Le jeu est donc particulièrement facile et ce sont les contraintes extérieures aux combats eux-mêmes qui mettent des bâtons dans les roues. Il faut bien évidemment prendre en compte les malus que l’on reçoit, ainsi que les traumas de nos personnages, qui peuvent influencer le combat, mais rien de bien insurmontable. Les arènes elles-mêmes ne sont pas très recherchées et n’appellent là encore à aucune stratégie réelle.
En revanche, le système de l’horloge du mythe, qui apporte un malus permanent ou ponctuel à toute l’équipe une fois arrivé à terme, est bien pensé, nous demandant de réfléchir chacune de nos actions et d’écouter les conseils que nous distillent nos héros grâce à leurs atouts uniques d’investigation dont on parlait plus haut. Rater une action fait donc avancer d’un cran l’aiguille et nous rapproche de plus en plus d’une malédiction s’abattant sur notre groupe.

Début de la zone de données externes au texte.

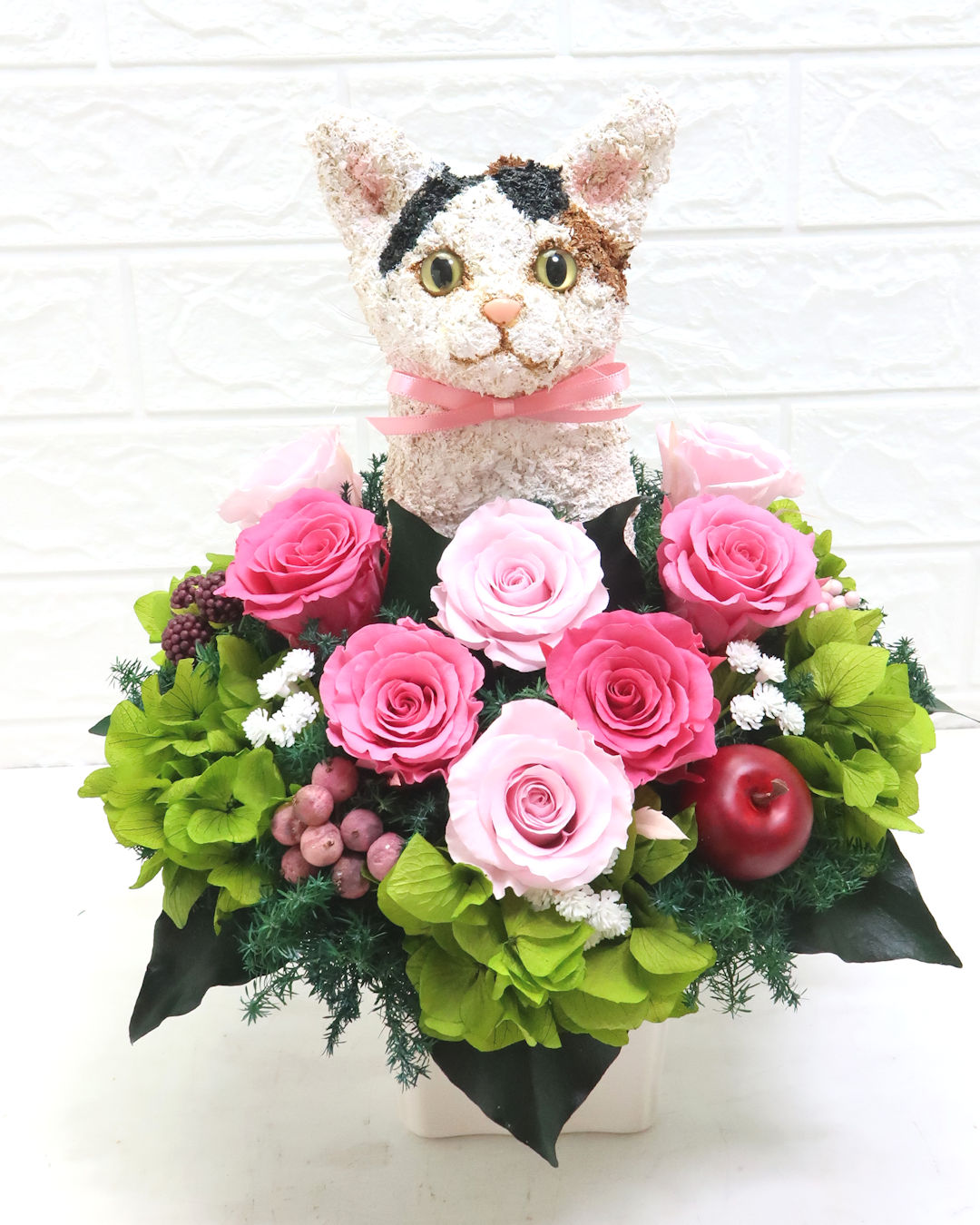 三毛猫　花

Cela va de l’apparition d’ennemis à la perte de munitions et autres choses du genre.
De même que toute la gestion de votre inventaire revêt une importance toute particulière, car il n’est pas extensible et n’offre que quatre slots par personnage. Il faut donc vite spécialiser ses héros en fonction de leurs affinités et leurs faiblesses, tout en prenant soin de toujours garder sous le coude quelques objets intéressants. Le fait que l’on puisse stocker dans certains endroits des choses utiles pour ne pas s’encombrer est aussi une bonne chose, on peut alors y retourner plus tard et s’en servir lorsque nécessaire.

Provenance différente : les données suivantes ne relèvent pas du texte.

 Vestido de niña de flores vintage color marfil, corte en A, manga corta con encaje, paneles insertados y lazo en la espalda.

Il y a donc de bonnes idées et le jeu tient sa petite dizaine d’heures sans soucis, mais est-ce suffisant pour autant ? Nous en doutons réellement, surtout qu’au niveau de l’ambiance, ce qui effraie et dérange tient plus de la technique que d’une quelconque ambiance horrifique. Ici, c’est plutôt plat et mou, trop daté pour faire mouche, et si les doublages sont bons, le jeu d’acteur et la proposition sonore sont assez pauvres.
Arkham Horror: Mother’s Embrace est une déception. On attendait ce jeu comme le prolongement naturel du jeu de société qui est une référence dans le genre. Cependant, il n’en est rien. Techniquement peu affriolant, mou et au gameplay inabouti, voire parfois bancal, le titre ne parvient jamais à s’émanciper et se montrer à la hauteur des attentes et de son modèle.

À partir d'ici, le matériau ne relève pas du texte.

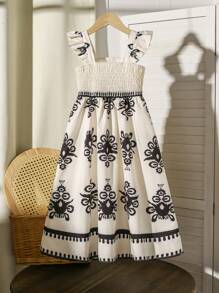 SHEIN Young Girl Flounce Trim Sleeved Dress, Young Girl Summer Holiday & Casual Wear - Apricot - View 1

Il n’y a guère que du côté du scénario qu’il l’est, mais ce n’est pas assez pour que l’on puisse le recommander. Il y a de bien meilleure propositions ludiques liées à l’univers de Lovecraft autrement plus qualitatives sur le marché, et ce malgré un prix très correct de 19,99 euros au final. Et c’est très dommage parce que l’esprit y est, il ne manque plus que l’exécution, tout étant trop moyen pour pleinement satisfaire. Une autre fois, peut-être.